**TASK TO CARRY OUT**.
Pictures in the records are to be excluded from an otherwise exact copy.

┄┄┄┄┄┄┄┄┄┄┄┄┄┄┄┄┄┄┄┄

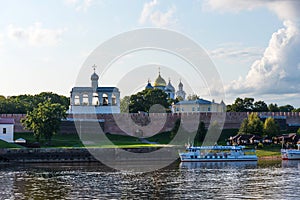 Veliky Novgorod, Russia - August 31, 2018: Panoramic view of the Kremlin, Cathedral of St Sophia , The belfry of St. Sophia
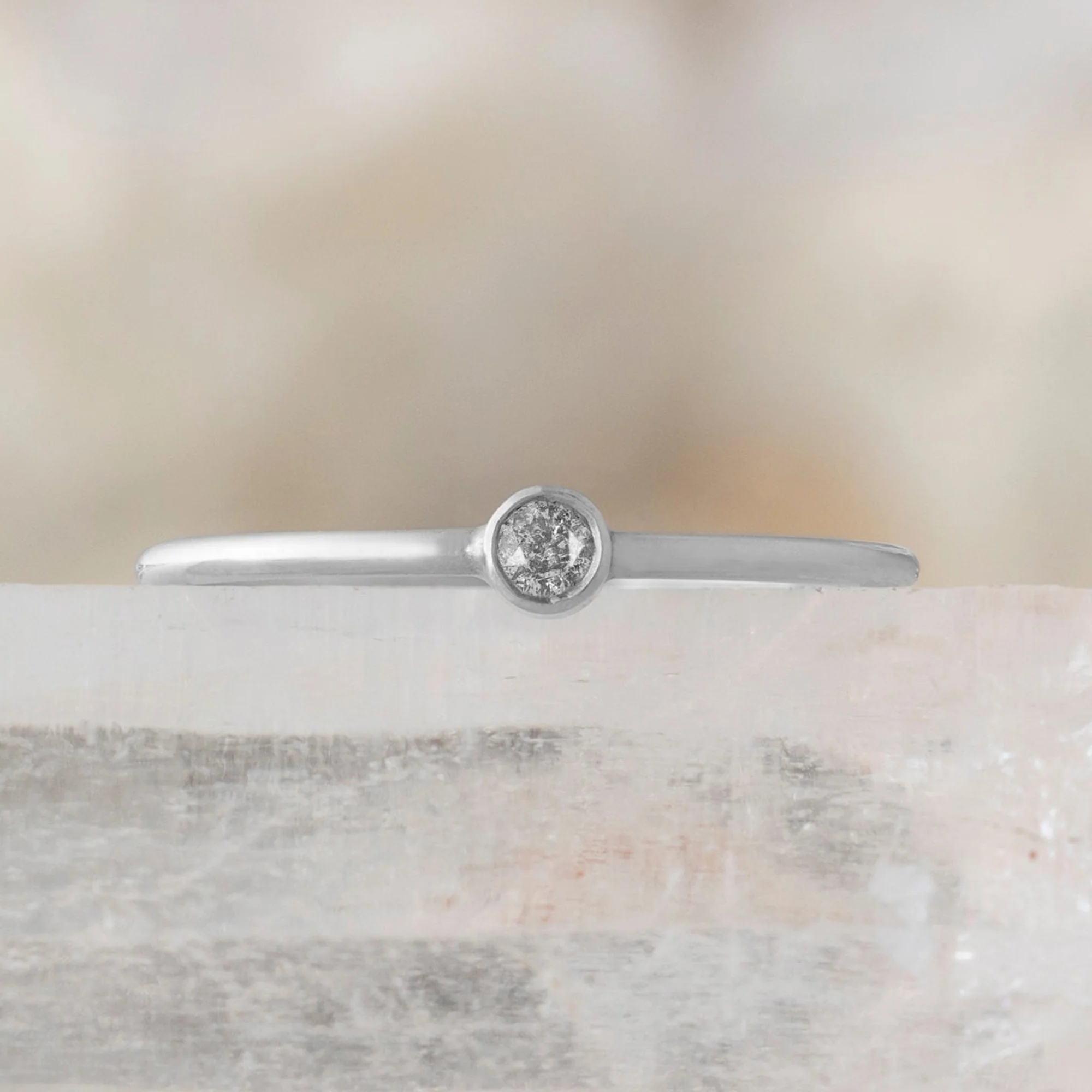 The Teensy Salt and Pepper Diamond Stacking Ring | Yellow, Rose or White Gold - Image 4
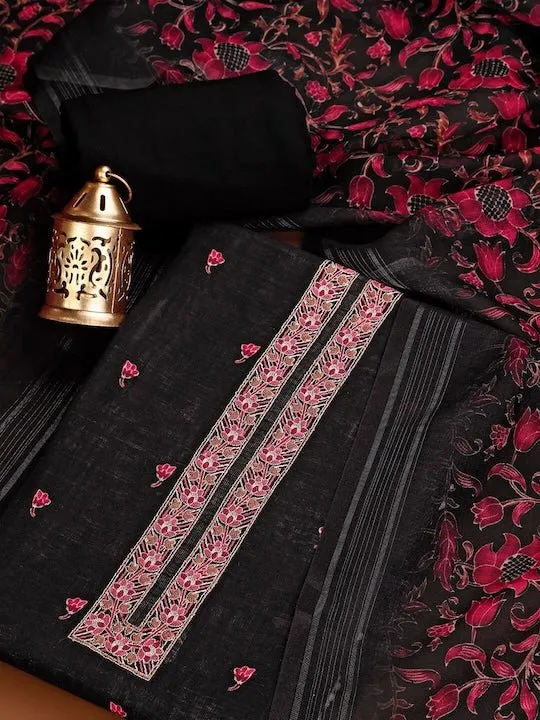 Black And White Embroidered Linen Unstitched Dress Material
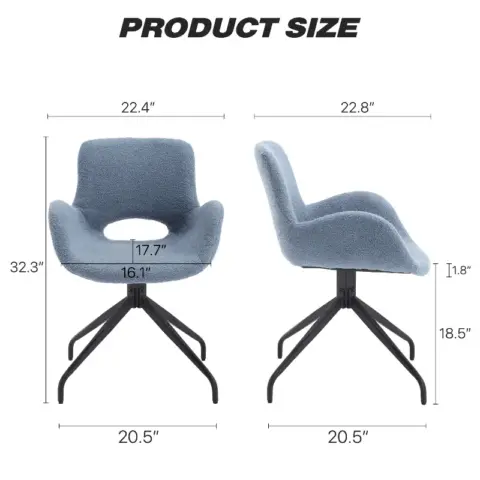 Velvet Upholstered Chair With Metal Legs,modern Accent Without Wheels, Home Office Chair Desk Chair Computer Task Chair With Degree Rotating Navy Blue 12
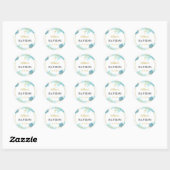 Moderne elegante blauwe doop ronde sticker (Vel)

┄┄┄┄┄┄┄┄┄┄┄┄┄┄┄┄┄┄┄┄

**RESPONSE BELOW**.
 Veliky Novgorod, Russia - August 31, 2018: Panoramic view of the Kremlin, Cathedral of St Sophia , The belfry of St. Sophia
 The Teensy Salt and Pepper Diamond Stacking Ring | Yellow, Rose or White Gold - Image 4
 Black And White Embroidered Linen Unstitched Dress Material
 Velvet Upholstered Chair With Metal Legs,modern Accent Without Wheels, Home Office Chair Desk Chair Computer Task Chair With Degree Rotating Navy Blue 12
 Moderne elegante blauwe doop ronde sticker (Vel)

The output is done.